|Summary:||Non-MS Office Docs with Valid Header Signature|
|Product:||POI||Reporter:||Jacob Zwiers <apache_bugzilla>|
|Component:||HPSF||Assignee:||POI Developers List <dev>|
An offending Corel Presentation File
Source Code to demonstrate ClassCastException on SummaryInformation.getWordCount() for .shw files
Description Jacob Zwiers 2003-07-21 17:02:59 UTC
The Corel Presentation software (at least versions 8 and 9) fake the recognized header signature that POIFS recognizes (0xE11AB1A1E011CFD0L) and the properties are then read from this file which causes a problem. The net result is that SummaryInformation.getWordCount() throws a ClassCastException in this situation. I will attach (if possible on a later screen) a small test class and .shw file for demonstration purposes.
Comment 1 Jacob Zwiers 2003-07-21 17:04:14 UTC
Created attachment 7425 [details] An offending Corel Presentation File
Comment 2 Jacob Zwiers 2003-07-21 17:08:24 UTC
Created attachment 7426 [details] Source Code to demonstrate ClassCastException on SummaryInformation.getWordCount() for .shw files
Comment 3 Andy Oliver 2003-07-21 17:25:04 UTC
Just because it doesn't have SummaryInformation or does SummaryInformation wrong, that doesn't mean POIFS is wrong to recognize it as an OLE 2 Compound Document format file. Is this a problem just with HPSF not recognizing the SummaryInformation stream isn't what it thinks it is?
Comment 4 Jacob Zwiers 2003-07-21 18:14:34 UTC
Here's what I've figured out. I'll let you decide which it is. If I spin through all the properties that I get back, the following is returned for the word count (ID#15 according to the PropertyIDMap.PID_WORDCOUNT constant); element 13 in the array of properties).
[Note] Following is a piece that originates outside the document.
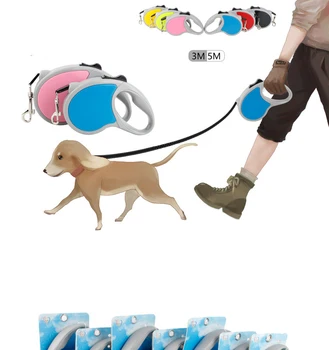 

3/5M Retractable Dog Leash Automatic Extending Puppy Walking Running Lead Roulette Durable Dog Traction Rope Leashes Pet Product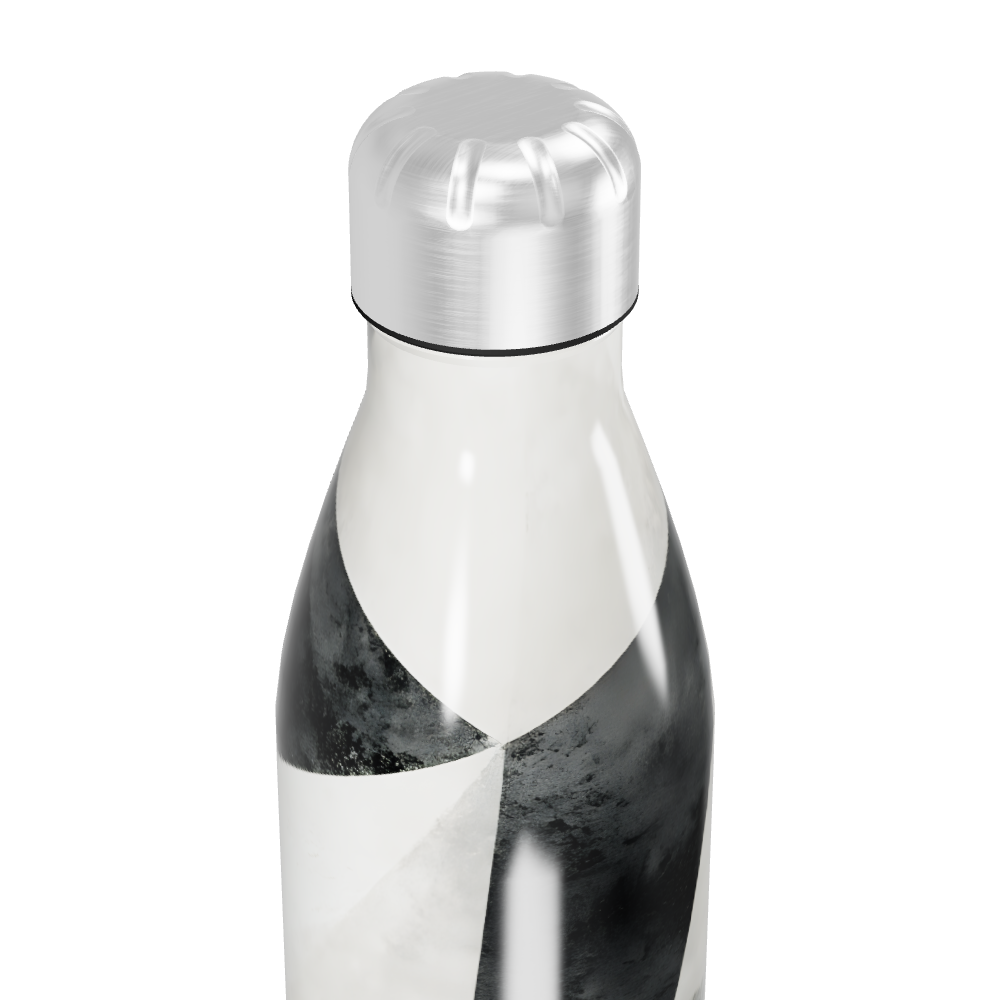Garrafa Inox Preto e Branco Geométrica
DocumentPropertyReader - props.getID() = 15 DocumentPropertyReader - props.getType() = 0 DocumentPropertyReader - props.getValue() = [B@9eca9c26 DocumentPropertyReader - props.getValue().getClass() = class [B The type that's created here (in the default of the switch in the org.apache.poi.hpsf.Property constructor based on the return of org.apache.poi.hpsf.littleendian.DWord.intValue()) means that value was not recognized as a Variant.VT_I4. Instead, it's a zero == VT_EMPTY. This gets put into the properties as a byte array which causes the ClassCastException when calling getWordCount(). I'm not sure (not knowing the nuts and bolts) if the Corel doc is actually behaving properly as an OLE2 doc. If it isn't, I guess the problem is that POIFS thinks it is. If it is, the the problem is either that the VT_EMPTY doesn't get treated as a null OR that the getWordCount() doesn't propertly take this into account.
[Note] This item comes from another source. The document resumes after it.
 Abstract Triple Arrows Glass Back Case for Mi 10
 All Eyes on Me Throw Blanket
Comment 5 Andy Oliver 2003-07-24 17:24:02 UTC
POIFS is right, HPSF is wrong.
Comment 6 Rainer Klute 2003-07-25 09:30:24 UTC
HPSF does not yet support VT_EMPTY. A proper implementation would be to return null. See http://msdn.microsoft.com/library/default.asp?url=/library/en-us/automat/htm/chap6_7zdz.asp for an explanation of the variant types. I'll prepare a patch.
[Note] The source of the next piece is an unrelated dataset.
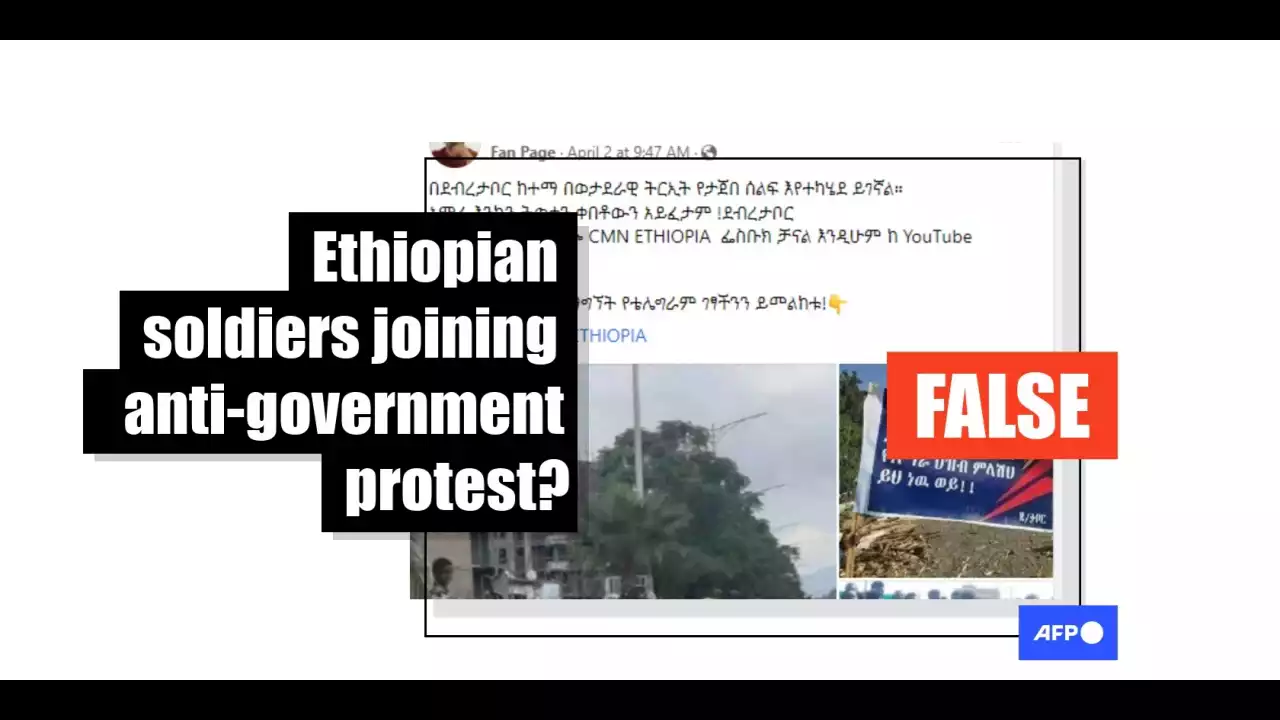 Post shares old images to claim soldiers support anti-government protest in Ethiopia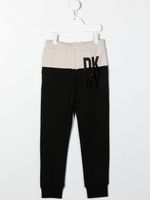 Dkny Kids pantalon de jogging à coupe fuselée - Noir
Comment 7 Rainer Klute 2003-07-26 21:52:57 UTC
HPSF is now able to read properties which are given in the property set stream but which don't have a value. The type of such properties is VT_EMPTY. PropertySet's getXXX methods return either a null or a 0 whichever is appropriate. Details about return types can be found in the API documentation.